Conditional probability is one of the most important concept in Statistics. All the field of Bayesian statistics is based on it. However, it is also one of the most misleading concept, the one that many people misuse in real life. The prosecutor’s fallacy is one good example illustrating the severe consequences that a wrong interpretation of the conditional probability can lead to.

We begin with a simple example: we can be almost certain that if it is raining (hypothesis A), there will be cloudy (hypothesis B). In other words, the probability P(B|A) is nearly 100%. So the question now is: if it is cloudy, will it rain soon ? Here we search P(A|B), and we can easily see that this probability will be much lower than that of the first case. Lesson learned: P(B|A) is not the same thing as P(A|B).

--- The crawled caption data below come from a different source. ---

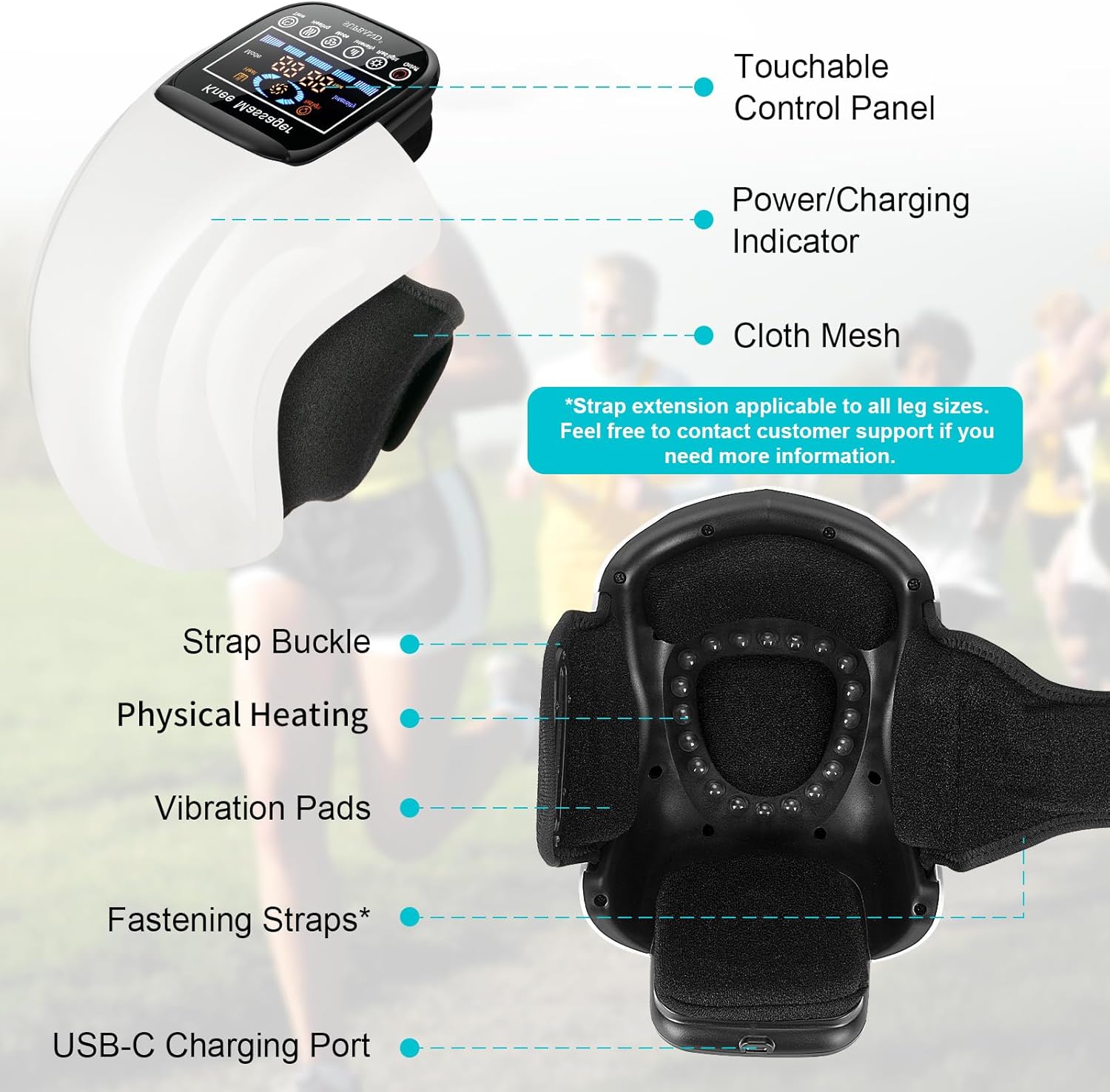 SUPBAND Electric Heating Knee Massager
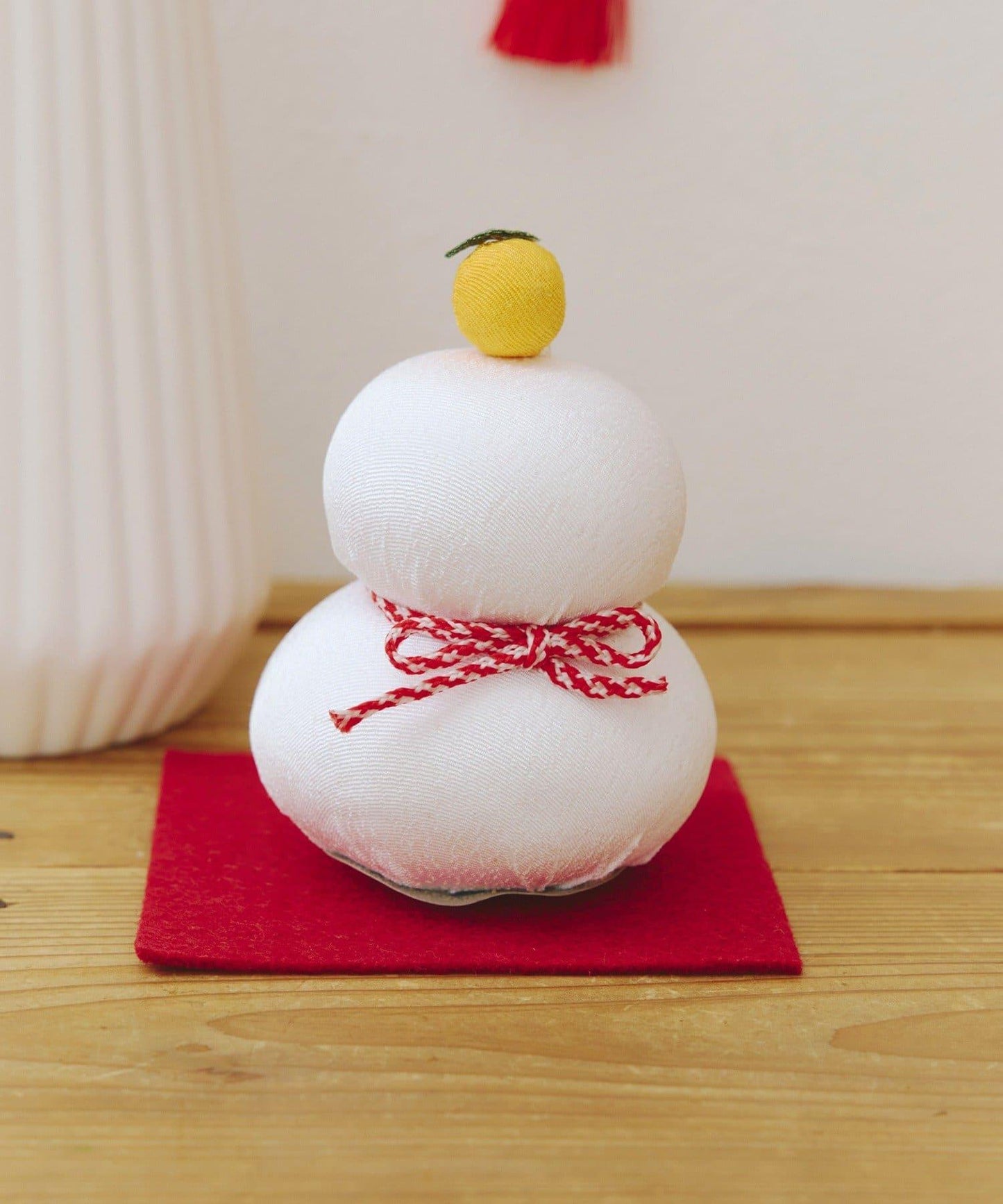 ちりめんの鏡餅/正月のお飾り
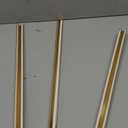 Golden Wall Corner Protector, 3Pcs, Length 35.4in, Width 0.4in - Self Adhesive Metal Corner Protector for Aluminum Trim molding, Cabinet Edge Guard, Easy to Install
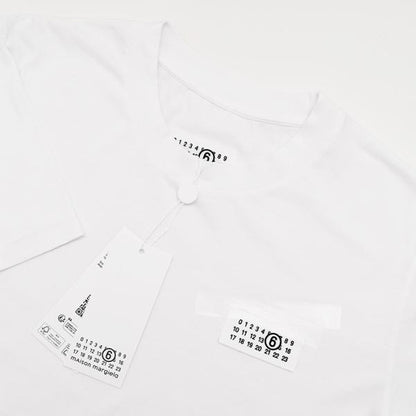 MM6 テープドラベル コットン Tシャツ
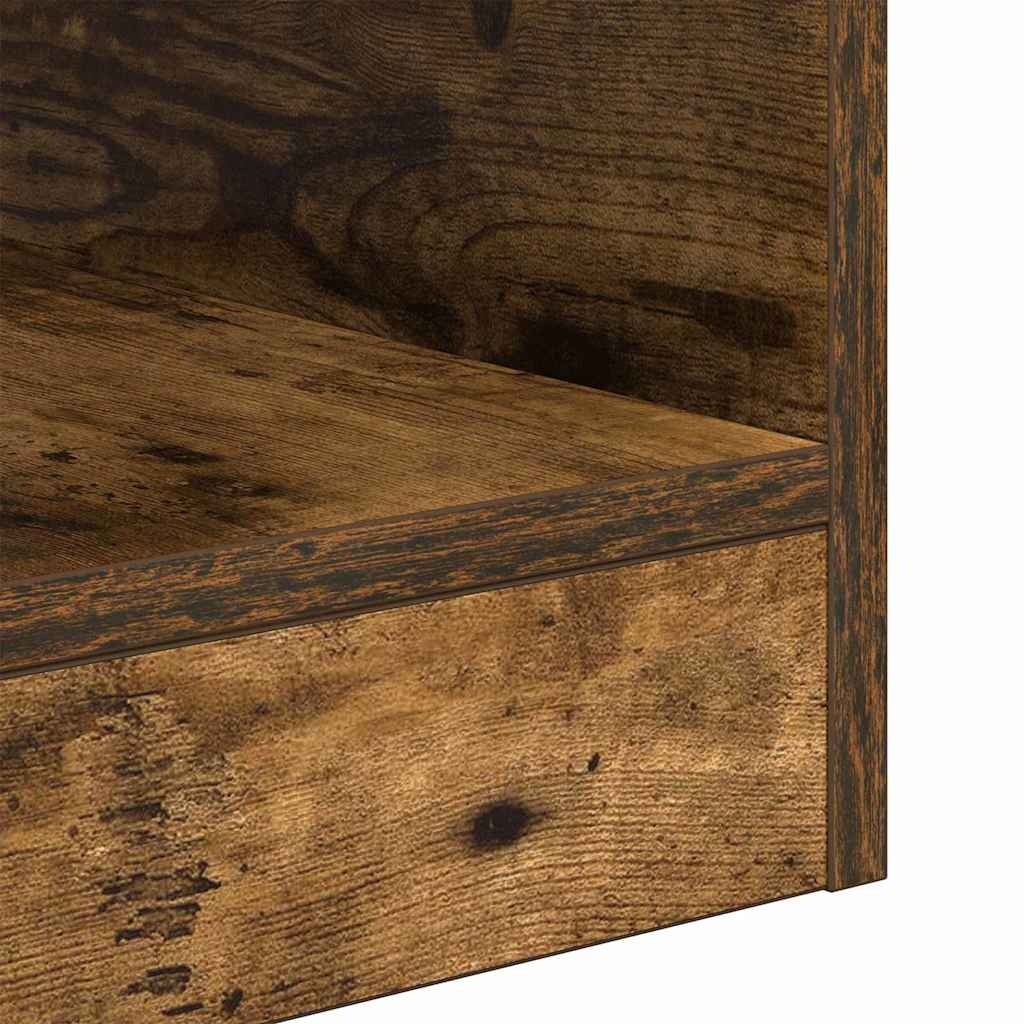 Avlastningsbord 2 pcs Røkt eik 30,5 x 30 x 45 cm Konstruert tre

That conclusion looks ridiculously simple, any students who have taken STAT101 know about it. However, when being placed in a much more complicated situation as the one we will show below, the conditional probability can be easily mis-interpreted.

Suppose that police pick up a suspect and match his or her DNA to evidence collected at a crime scene. Suppose that the likelihood of a match, purely by chance, is only 1 in 10,000. Is this also the chance that he is innocent? It’s easy to make this leap, but you shouldn’t.

Here’s why. Suppose the city in which the person lives has 500,000 adult inhabitants. Given the 1 in 10,000 likelihood of a random DNA match, you’d expect that about 50 people in the city would have DNA that also matches the sample. So the suspect is only 1 of 50 people who could have been at the crime scene. Based on the DNA evidence only, the person is almost certainly innocent, not certainly guilty.”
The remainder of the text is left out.